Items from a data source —
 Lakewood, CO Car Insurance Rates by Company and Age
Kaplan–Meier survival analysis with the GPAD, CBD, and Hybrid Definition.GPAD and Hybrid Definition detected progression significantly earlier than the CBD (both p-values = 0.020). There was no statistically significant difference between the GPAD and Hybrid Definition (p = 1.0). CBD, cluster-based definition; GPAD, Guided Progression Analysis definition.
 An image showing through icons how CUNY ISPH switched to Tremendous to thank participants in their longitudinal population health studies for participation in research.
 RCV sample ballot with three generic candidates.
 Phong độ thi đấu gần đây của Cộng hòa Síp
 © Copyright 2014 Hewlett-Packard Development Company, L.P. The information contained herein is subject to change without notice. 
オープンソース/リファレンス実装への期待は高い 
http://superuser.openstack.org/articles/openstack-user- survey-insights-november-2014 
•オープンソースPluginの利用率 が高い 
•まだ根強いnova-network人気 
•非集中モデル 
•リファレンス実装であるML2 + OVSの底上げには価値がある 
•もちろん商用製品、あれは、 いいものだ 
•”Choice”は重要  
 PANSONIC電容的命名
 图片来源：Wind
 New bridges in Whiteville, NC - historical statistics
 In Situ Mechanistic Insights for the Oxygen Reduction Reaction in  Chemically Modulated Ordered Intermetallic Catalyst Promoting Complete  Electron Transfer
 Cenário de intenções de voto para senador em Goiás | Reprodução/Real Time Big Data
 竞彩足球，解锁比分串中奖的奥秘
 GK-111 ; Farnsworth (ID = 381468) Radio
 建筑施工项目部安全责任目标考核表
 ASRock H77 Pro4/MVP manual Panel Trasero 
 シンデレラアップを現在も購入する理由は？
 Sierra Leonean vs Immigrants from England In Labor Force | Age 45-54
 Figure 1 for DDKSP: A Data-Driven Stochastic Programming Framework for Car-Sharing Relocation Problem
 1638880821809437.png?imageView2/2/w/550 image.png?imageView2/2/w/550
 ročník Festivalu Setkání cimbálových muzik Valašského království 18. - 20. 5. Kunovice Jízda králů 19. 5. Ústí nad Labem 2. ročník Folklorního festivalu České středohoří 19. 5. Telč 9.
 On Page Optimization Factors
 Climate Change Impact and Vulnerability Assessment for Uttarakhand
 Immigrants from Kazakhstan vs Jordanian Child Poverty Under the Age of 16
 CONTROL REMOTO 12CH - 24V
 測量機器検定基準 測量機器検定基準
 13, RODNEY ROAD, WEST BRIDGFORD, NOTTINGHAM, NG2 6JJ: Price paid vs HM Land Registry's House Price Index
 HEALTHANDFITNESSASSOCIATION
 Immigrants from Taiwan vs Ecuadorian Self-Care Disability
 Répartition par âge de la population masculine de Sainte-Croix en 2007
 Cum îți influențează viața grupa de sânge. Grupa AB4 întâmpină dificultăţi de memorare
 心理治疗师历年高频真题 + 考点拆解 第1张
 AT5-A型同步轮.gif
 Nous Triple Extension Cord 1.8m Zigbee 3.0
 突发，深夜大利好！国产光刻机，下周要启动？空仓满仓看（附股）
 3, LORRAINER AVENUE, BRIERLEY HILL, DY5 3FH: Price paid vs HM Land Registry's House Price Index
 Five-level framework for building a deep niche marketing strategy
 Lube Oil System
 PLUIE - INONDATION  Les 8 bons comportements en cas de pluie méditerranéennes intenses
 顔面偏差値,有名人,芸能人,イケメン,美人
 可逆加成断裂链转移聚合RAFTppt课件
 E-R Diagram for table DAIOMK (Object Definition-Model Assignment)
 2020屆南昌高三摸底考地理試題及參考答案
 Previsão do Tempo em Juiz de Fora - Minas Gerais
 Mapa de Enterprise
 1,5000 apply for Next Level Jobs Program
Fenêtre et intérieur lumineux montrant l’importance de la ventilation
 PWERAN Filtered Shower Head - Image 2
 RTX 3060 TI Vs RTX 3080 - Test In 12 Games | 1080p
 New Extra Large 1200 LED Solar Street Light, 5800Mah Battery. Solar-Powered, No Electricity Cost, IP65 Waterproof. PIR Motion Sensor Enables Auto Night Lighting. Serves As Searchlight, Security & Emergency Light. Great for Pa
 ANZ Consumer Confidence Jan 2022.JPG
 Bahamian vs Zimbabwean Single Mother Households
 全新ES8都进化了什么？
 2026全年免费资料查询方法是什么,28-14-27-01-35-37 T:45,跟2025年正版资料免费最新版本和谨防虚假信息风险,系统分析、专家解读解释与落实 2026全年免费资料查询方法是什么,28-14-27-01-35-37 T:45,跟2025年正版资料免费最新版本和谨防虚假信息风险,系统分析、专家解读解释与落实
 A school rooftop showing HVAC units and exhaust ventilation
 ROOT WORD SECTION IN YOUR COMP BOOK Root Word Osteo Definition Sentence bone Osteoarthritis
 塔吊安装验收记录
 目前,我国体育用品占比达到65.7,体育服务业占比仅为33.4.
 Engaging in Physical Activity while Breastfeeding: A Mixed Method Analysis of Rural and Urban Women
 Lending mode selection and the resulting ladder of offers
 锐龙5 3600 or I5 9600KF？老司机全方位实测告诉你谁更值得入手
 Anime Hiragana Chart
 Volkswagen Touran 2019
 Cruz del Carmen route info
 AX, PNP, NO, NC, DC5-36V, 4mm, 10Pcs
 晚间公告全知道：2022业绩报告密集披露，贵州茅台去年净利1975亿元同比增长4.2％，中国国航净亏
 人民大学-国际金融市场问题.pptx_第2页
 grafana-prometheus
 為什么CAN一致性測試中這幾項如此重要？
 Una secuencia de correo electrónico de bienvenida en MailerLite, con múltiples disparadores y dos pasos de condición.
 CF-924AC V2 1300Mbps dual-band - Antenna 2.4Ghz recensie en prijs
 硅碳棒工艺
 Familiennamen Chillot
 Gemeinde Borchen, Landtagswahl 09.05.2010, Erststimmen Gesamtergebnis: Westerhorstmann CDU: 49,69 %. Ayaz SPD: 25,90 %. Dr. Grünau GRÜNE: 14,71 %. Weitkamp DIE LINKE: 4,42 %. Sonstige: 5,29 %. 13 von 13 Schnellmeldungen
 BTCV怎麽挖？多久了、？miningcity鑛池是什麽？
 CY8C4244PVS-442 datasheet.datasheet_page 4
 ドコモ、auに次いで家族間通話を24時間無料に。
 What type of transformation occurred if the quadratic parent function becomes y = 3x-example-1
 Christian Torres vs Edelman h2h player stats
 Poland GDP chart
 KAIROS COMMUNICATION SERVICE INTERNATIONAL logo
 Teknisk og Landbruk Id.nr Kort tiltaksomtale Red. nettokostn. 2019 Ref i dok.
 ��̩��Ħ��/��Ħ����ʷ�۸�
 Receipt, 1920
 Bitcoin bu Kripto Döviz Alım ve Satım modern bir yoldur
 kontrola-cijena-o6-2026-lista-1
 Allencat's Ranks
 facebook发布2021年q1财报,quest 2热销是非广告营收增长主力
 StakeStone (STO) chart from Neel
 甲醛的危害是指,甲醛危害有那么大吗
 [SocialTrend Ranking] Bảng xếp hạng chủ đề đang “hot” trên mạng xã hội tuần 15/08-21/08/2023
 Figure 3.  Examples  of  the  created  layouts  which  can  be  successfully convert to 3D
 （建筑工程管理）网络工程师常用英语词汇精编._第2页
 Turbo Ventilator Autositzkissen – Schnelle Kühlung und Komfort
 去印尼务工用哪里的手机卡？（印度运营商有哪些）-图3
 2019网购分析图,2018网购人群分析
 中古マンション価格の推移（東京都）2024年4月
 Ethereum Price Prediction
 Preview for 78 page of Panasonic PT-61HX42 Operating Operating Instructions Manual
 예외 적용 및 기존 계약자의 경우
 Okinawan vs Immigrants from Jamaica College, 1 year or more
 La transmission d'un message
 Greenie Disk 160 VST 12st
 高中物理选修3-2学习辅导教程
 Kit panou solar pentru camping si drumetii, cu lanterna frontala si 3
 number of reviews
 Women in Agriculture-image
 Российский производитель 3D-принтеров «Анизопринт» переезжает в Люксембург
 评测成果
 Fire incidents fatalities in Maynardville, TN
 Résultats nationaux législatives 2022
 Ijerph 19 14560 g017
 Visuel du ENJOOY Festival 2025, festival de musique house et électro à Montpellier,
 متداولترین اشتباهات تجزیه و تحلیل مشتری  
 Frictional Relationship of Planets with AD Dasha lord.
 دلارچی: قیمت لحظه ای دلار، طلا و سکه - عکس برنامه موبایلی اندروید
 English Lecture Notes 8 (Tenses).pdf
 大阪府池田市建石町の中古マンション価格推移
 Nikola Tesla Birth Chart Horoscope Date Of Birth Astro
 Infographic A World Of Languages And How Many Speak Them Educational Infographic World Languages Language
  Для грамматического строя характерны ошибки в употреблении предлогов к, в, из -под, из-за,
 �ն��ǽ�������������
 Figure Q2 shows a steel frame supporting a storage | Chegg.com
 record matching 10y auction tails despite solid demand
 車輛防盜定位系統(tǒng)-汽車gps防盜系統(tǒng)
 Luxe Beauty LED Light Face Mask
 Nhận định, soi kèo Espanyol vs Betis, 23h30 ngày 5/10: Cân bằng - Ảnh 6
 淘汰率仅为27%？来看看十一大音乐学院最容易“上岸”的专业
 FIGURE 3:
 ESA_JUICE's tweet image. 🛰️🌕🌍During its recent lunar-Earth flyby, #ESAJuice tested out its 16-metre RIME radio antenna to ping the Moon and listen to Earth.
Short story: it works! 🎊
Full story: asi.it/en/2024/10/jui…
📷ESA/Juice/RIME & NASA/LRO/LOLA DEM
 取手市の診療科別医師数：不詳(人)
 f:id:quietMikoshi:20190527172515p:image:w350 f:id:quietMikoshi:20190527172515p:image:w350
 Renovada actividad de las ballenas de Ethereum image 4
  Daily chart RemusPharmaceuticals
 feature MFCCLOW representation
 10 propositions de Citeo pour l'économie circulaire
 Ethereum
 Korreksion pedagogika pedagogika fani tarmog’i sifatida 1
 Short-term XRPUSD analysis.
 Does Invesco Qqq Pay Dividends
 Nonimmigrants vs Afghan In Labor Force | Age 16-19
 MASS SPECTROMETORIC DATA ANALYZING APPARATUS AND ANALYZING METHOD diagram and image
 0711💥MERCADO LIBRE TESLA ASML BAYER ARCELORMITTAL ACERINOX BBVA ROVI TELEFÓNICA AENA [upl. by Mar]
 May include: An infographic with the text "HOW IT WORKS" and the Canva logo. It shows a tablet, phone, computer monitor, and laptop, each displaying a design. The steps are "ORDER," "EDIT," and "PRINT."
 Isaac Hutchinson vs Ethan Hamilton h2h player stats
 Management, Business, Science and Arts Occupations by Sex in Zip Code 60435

What to produce —
Return, unchanged, the run of lines above that opens with the line containing "ESA_JUICE's tweet image." and closes with the line containing "取手市の診療科別医師数：不詳(人)". Include both.

The completed task —
 ESA_JUICE's tweet image. 🛰️🌕🌍During its recent lunar-Earth flyby, #ESAJuice tested out its 16-metre RIME radio antenna to ping the Moon and listen to Earth.
Short story: it works! 🎊
Full story: asi.it/en/2024/10/jui…
📷ESA/Juice/RIME & NASA/LRO/LOLA DEM
 取手市の診療科別医師数：不詳(人)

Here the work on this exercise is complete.